- What is expected:
I need the lines from the one containing "Two artists working" through the last line of the entries retyped exactly, with no pictures among them.

- Supplied material:
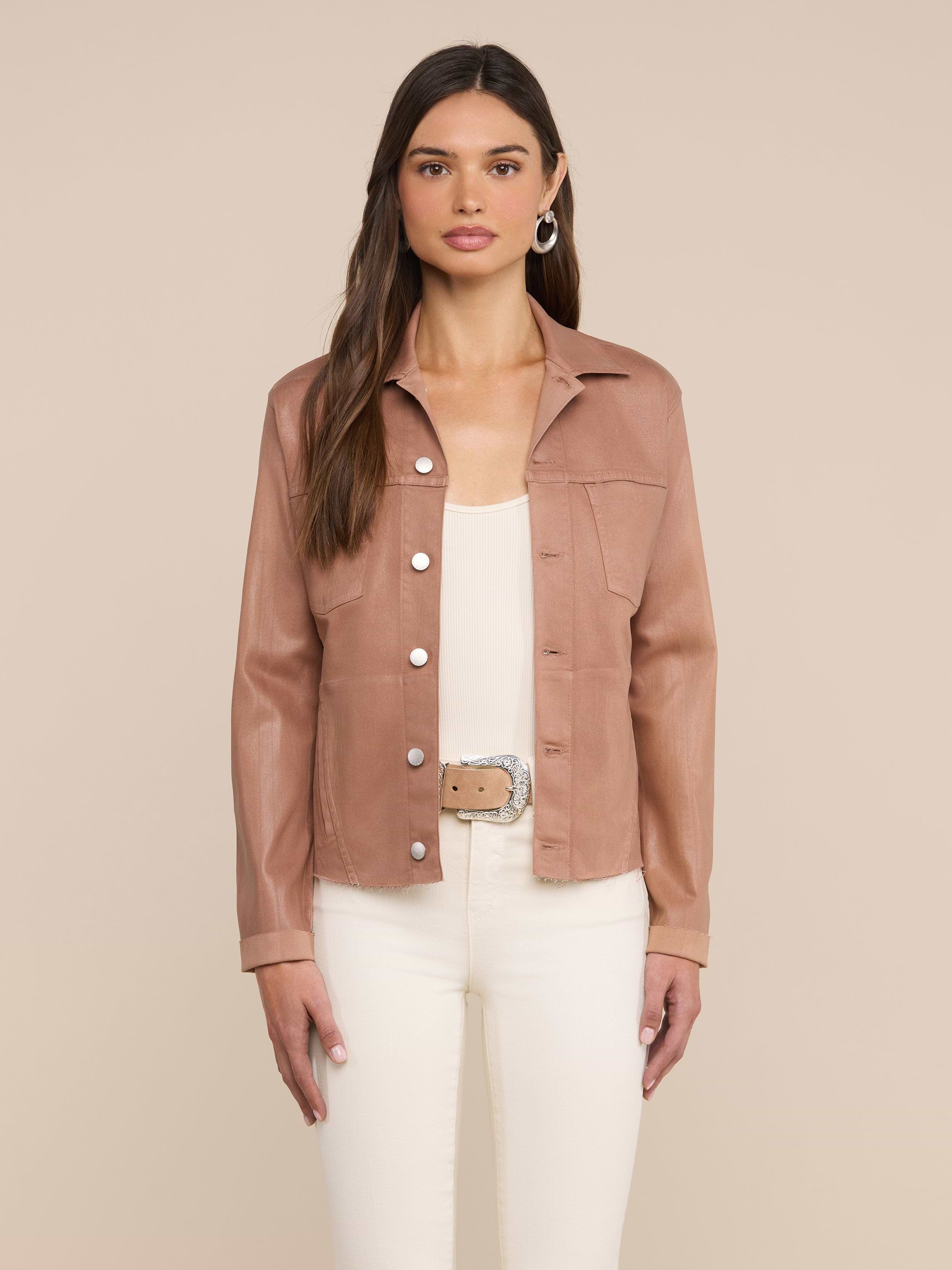 A woman stands facing forward, wearing the Janelle Coated Jean Jacket in hazelnut brown over a white top and white pants with a beige belt, set against a plain light background.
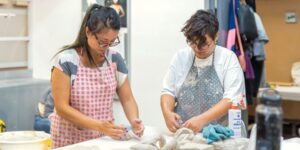 Two artists working on ceramics in the studio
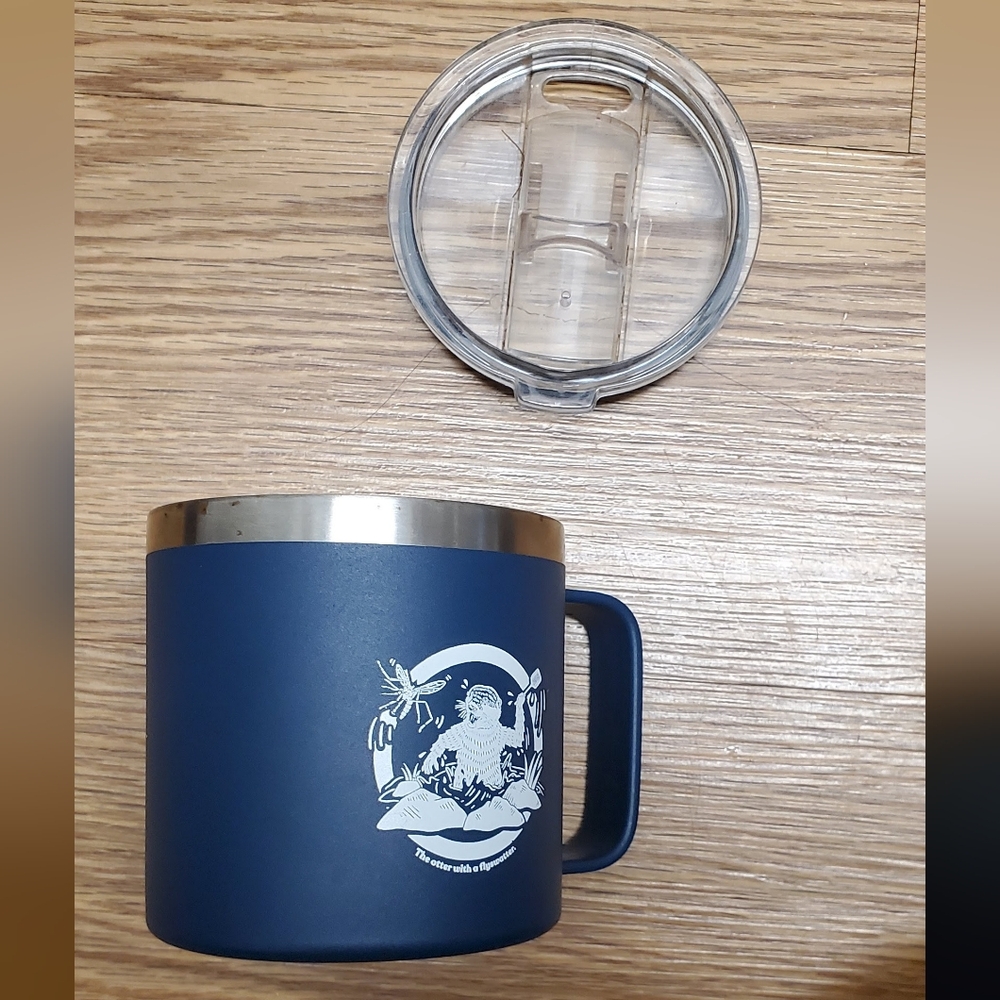 blue 14 oz "otter with a flyswatter rambler yeti travel mug with handle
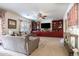 Spacious living room featuring built-in shelving and a cozy seating area at 1240 W Falls Canyon Dr, Casa Grande, AZ 85122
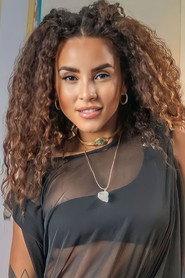 Domitila Barros as Indira in The Peacock 2023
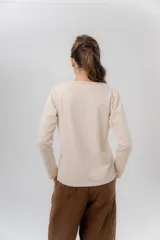 Remera manga larga color beige melange, confeccionada en algodón con spandex, con escote redondo y cartera delantera con botones y detalle de cordón tejido multicolor.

- Answer to the exercise:
 Two artists working on ceramics in the studio
 blue 14 oz "otter with a flyswatter rambler yeti travel mug with handle
 Spacious living room featuring built-in shelving and a cozy seating area at 1240 W Falls Canyon Dr, Casa Grande, AZ 85122
 Domitila Barros as Indira in The Peacock 2023
 Remera manga larga color beige melange, confeccionada en algodón con spandex, con escote redondo y cartera delantera con botones y detalle de cordón tejido multicolor.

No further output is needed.